Start of Block

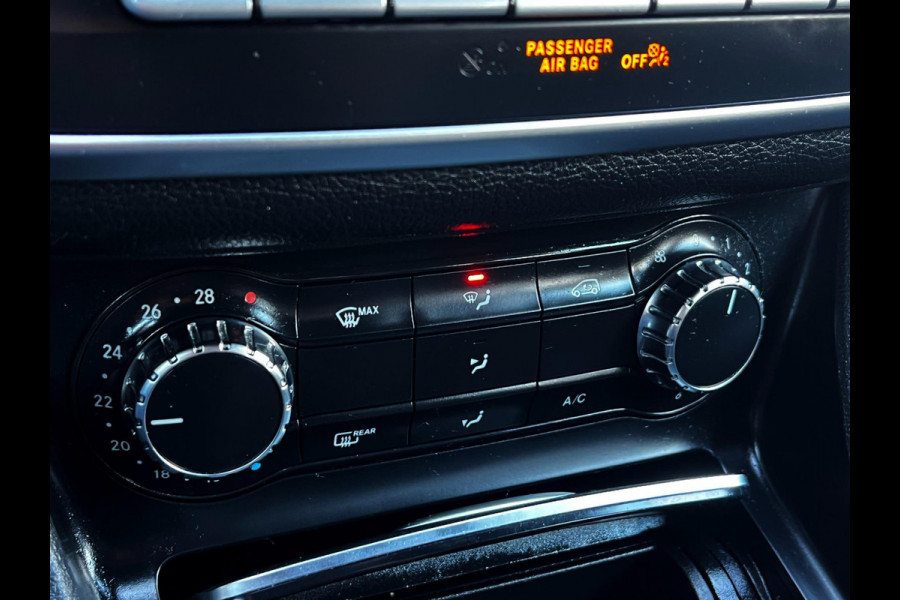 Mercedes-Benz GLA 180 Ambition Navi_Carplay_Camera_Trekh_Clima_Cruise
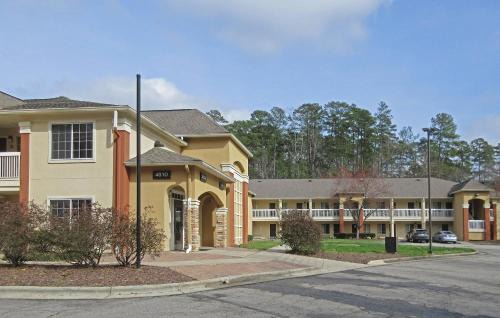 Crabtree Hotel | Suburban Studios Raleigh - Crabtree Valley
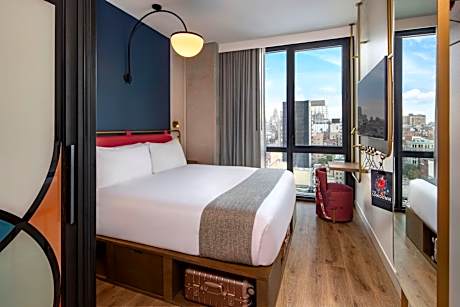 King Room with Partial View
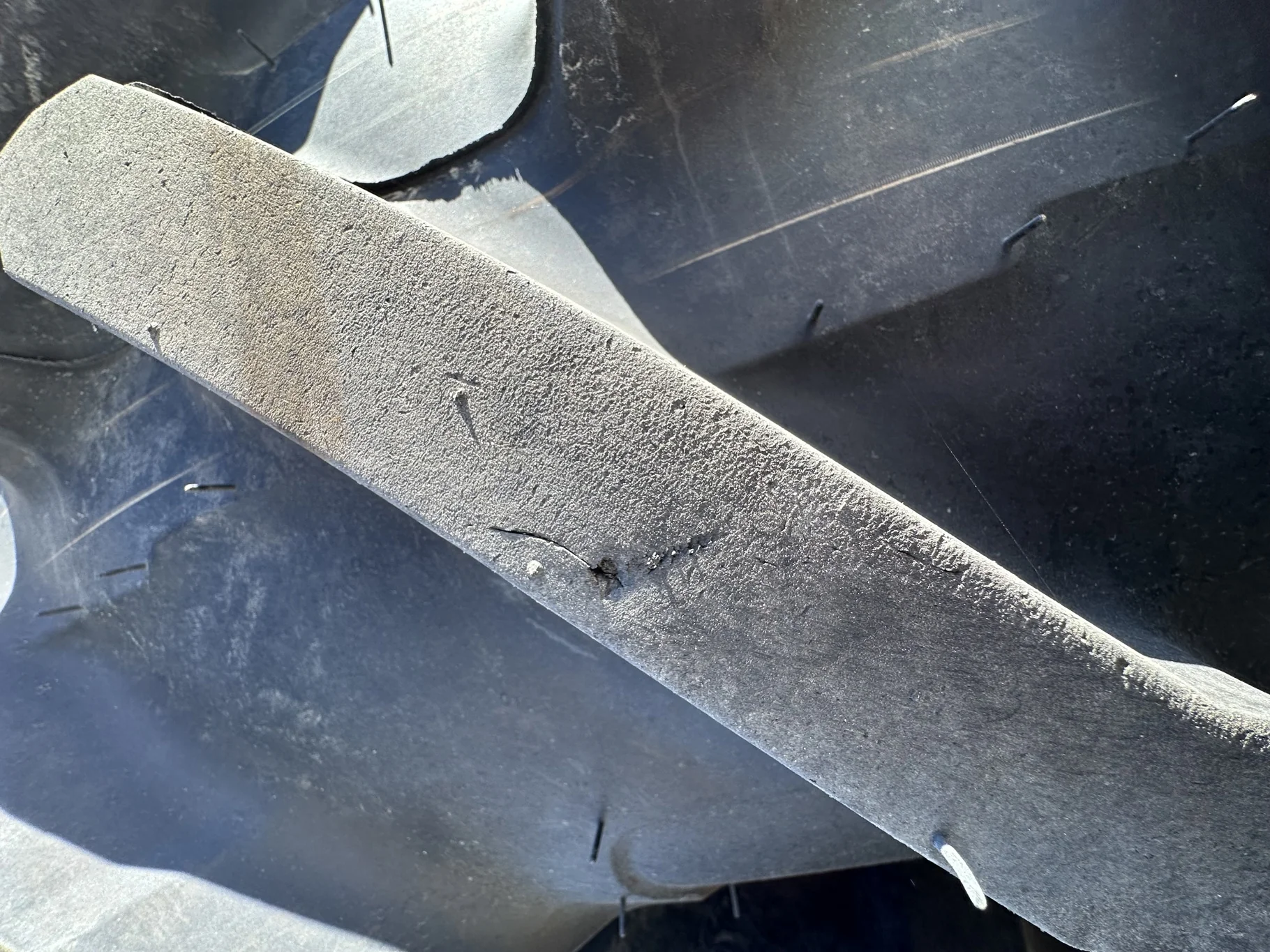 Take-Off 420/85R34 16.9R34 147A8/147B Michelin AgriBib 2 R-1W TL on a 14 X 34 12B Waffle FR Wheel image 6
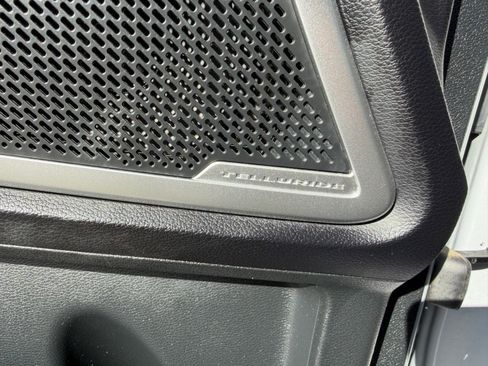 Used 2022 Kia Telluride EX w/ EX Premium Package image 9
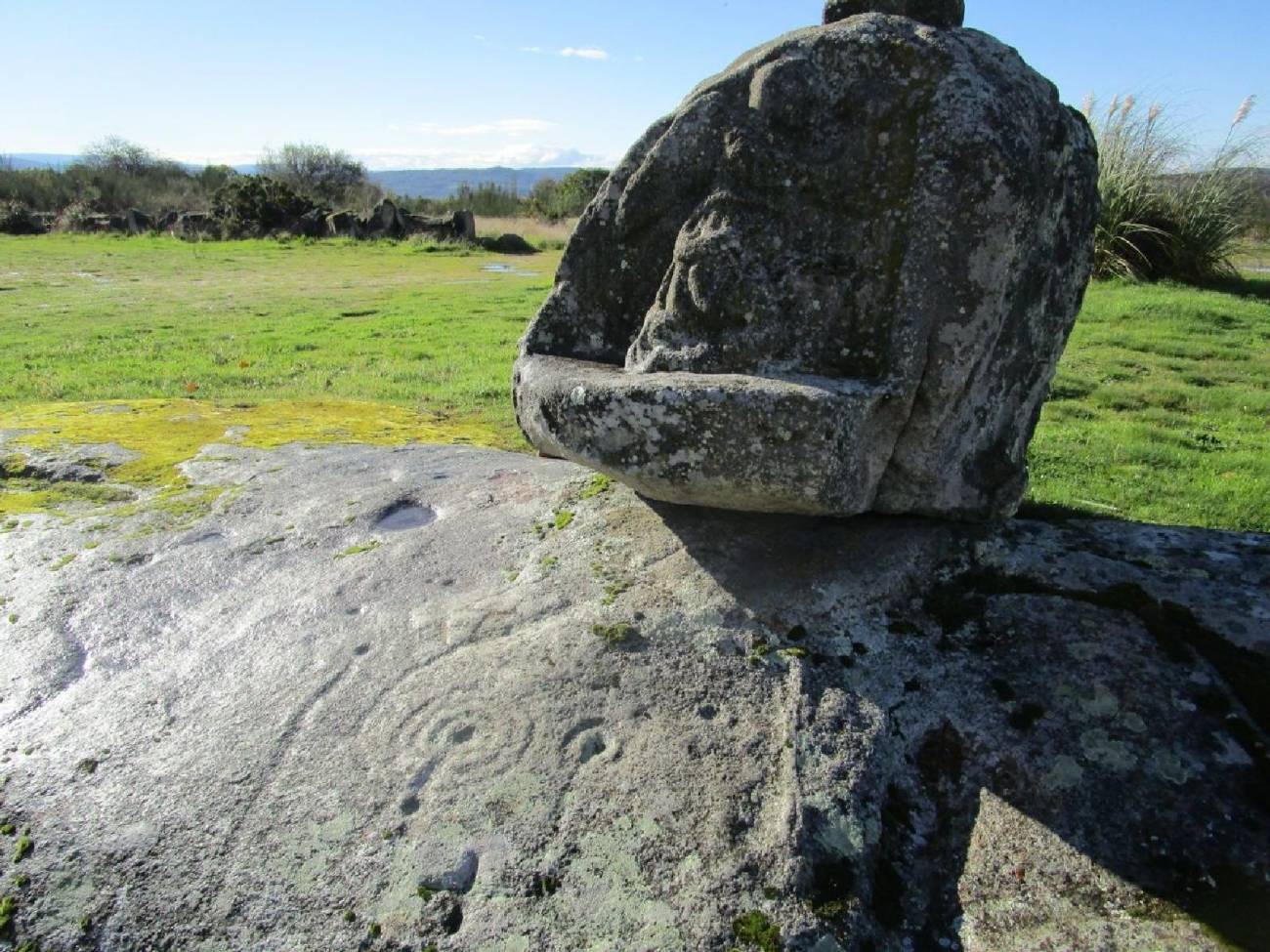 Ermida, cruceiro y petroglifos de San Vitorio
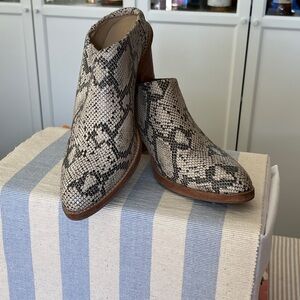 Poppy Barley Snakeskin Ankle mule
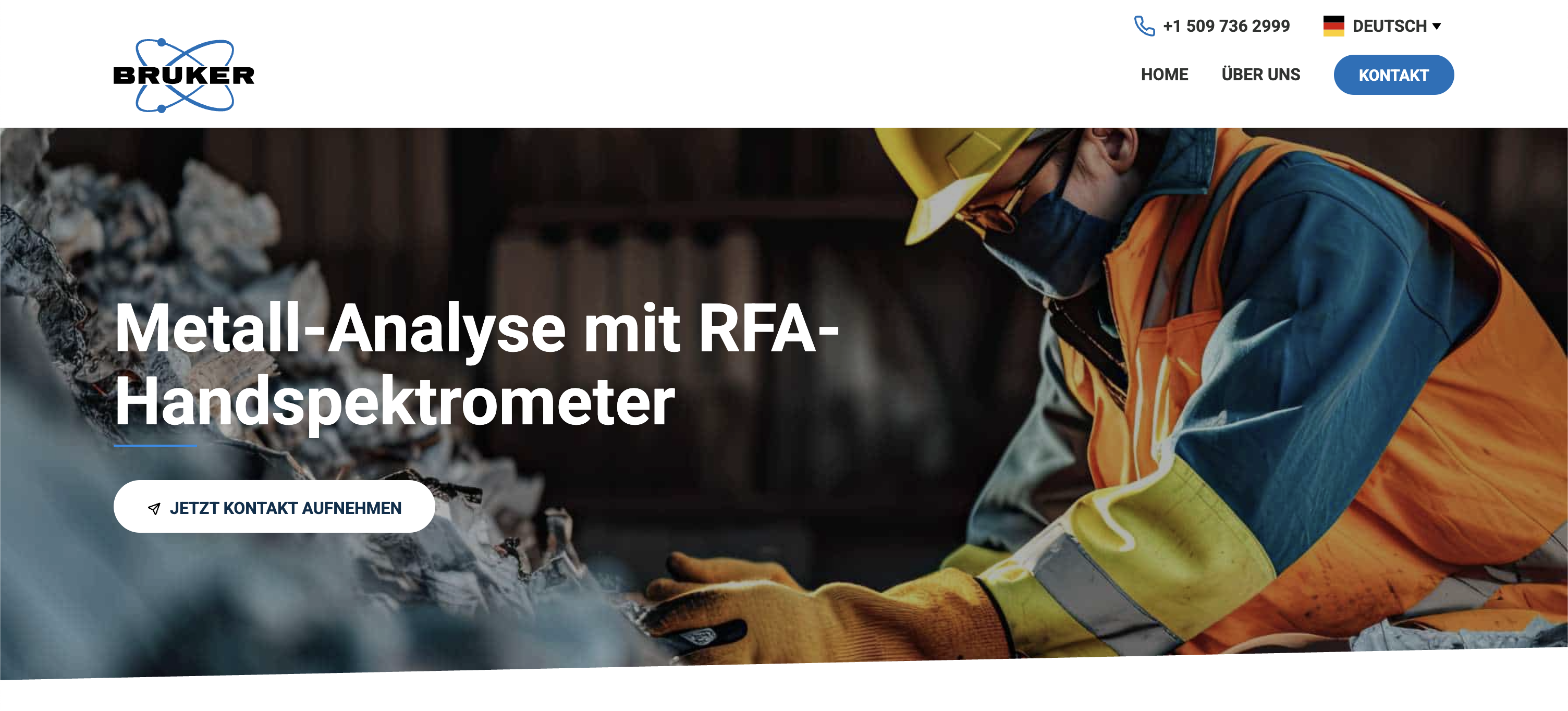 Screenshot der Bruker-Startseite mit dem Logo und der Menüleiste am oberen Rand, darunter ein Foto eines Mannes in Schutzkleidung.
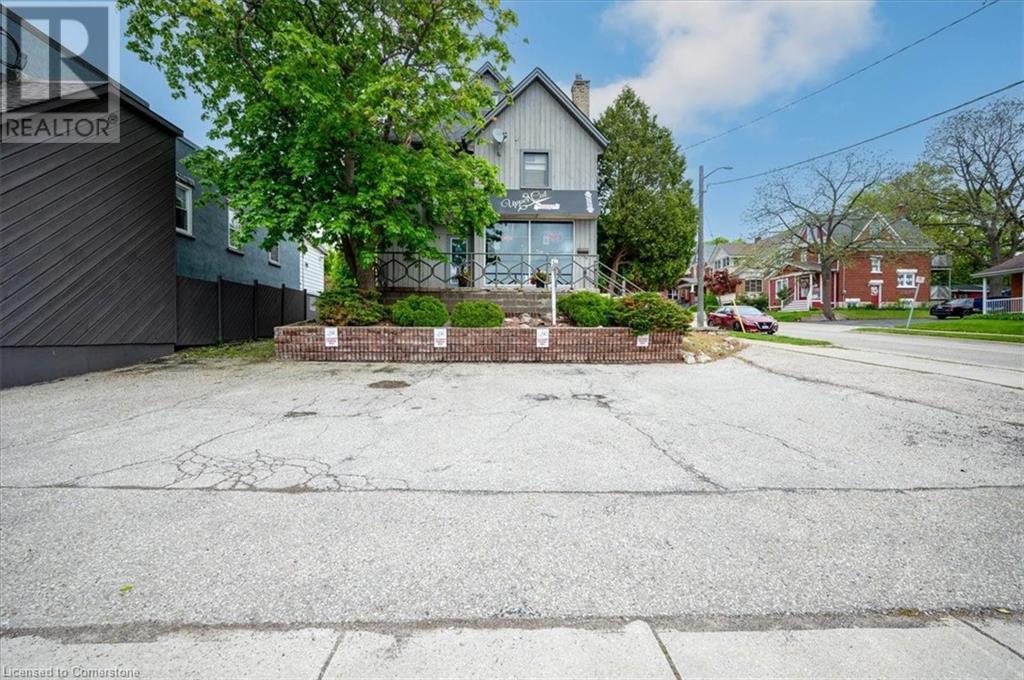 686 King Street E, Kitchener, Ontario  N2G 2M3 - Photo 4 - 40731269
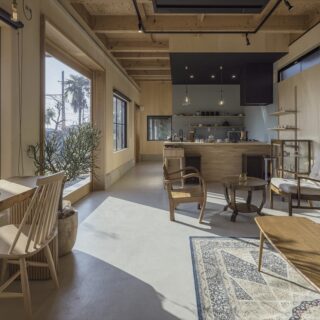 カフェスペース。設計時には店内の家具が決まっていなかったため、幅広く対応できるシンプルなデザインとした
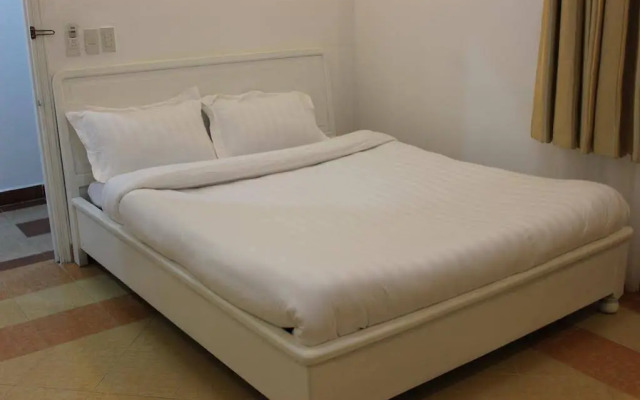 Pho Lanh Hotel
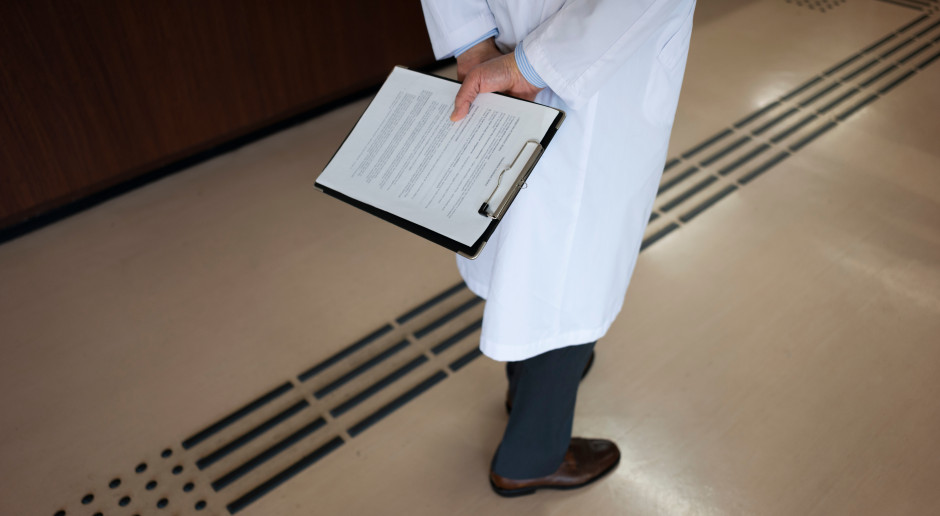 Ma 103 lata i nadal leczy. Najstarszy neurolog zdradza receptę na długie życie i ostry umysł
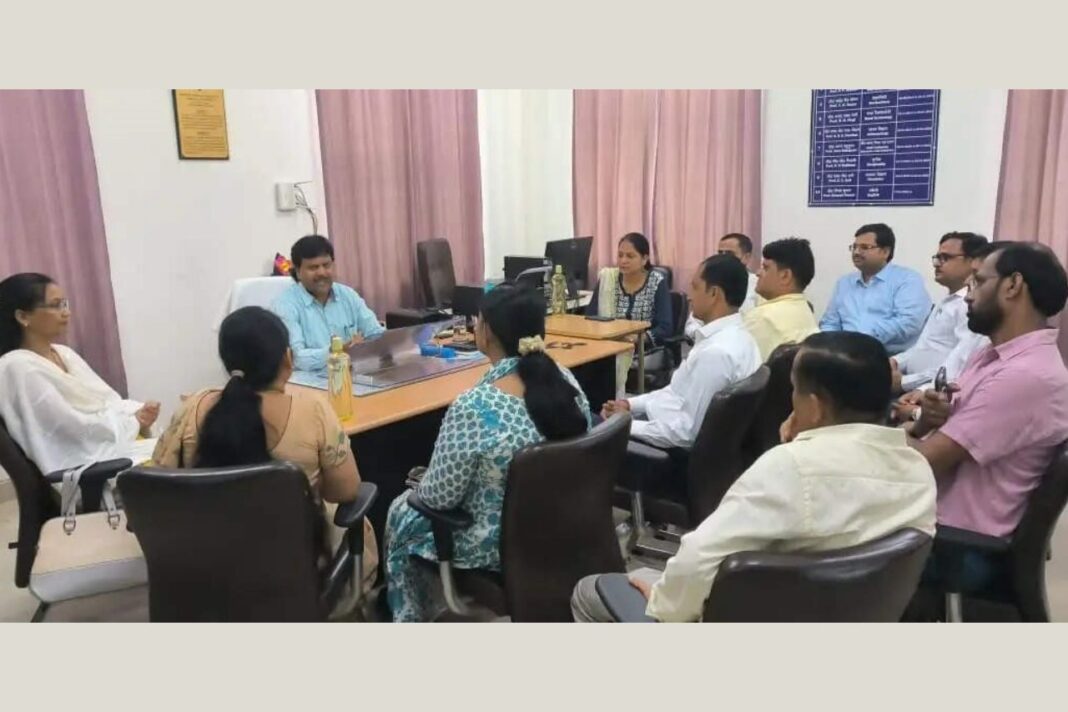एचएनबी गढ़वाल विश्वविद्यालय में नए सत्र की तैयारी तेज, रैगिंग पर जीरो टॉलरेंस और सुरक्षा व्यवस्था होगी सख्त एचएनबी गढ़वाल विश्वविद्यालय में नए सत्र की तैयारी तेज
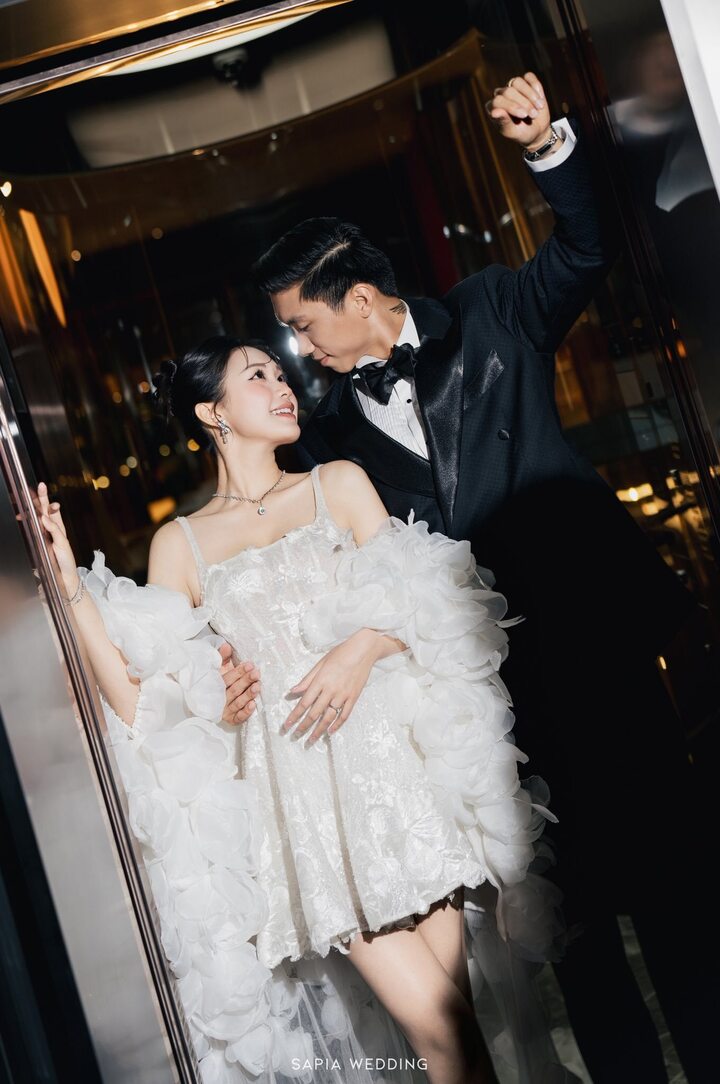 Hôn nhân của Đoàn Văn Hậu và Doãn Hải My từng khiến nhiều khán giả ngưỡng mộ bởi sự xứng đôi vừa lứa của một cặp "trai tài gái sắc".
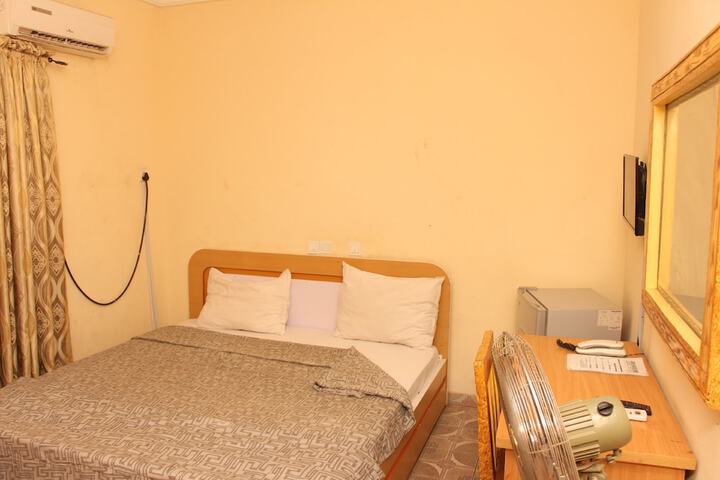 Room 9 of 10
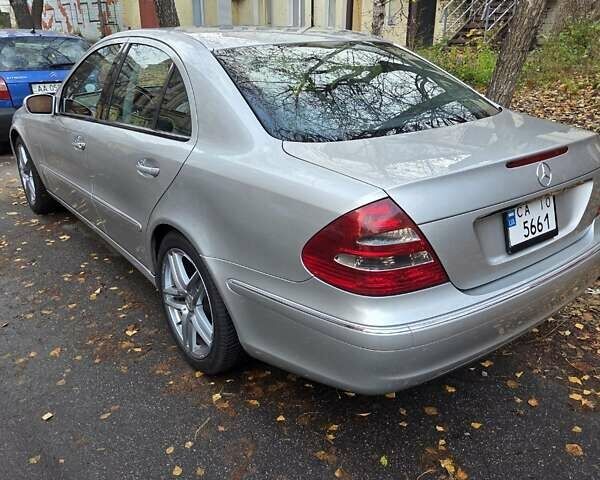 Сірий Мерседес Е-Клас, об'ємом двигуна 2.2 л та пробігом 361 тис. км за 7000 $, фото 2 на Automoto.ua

End of Block

#### Problem statement
Only the lines starting at the one with "カフェスペース。設計時には店" and ending at the one with "एचएनबी गढ़वाल विश्वविद्यालय में नए सत्र की तैयारी तेज, रैगिंग" should be printed, each exactly as it appears in the material above; the pictures are to be omitted.

#### Answer to this exercise
 カフェスペース。設計時には店内の家具が決まっていなかったため、幅広く対応できるシンプルなデザインとした
 Pho Lanh Hotel
 Ma 103 lata i nadal leczy. Najstarszy neurolog zdradza receptę na długie życie i ostry umysł
एचएनबी गढ़वाल विश्वविद्यालय में नए सत्र की तैयारी तेज, रैगिंग पर जीरो टॉलरेंस और सुरक्षा व्यवस्था होगी सख्त एचएनबी गढ़वाल विश्वविद्यालय में नए सत्र की तैयारी तेज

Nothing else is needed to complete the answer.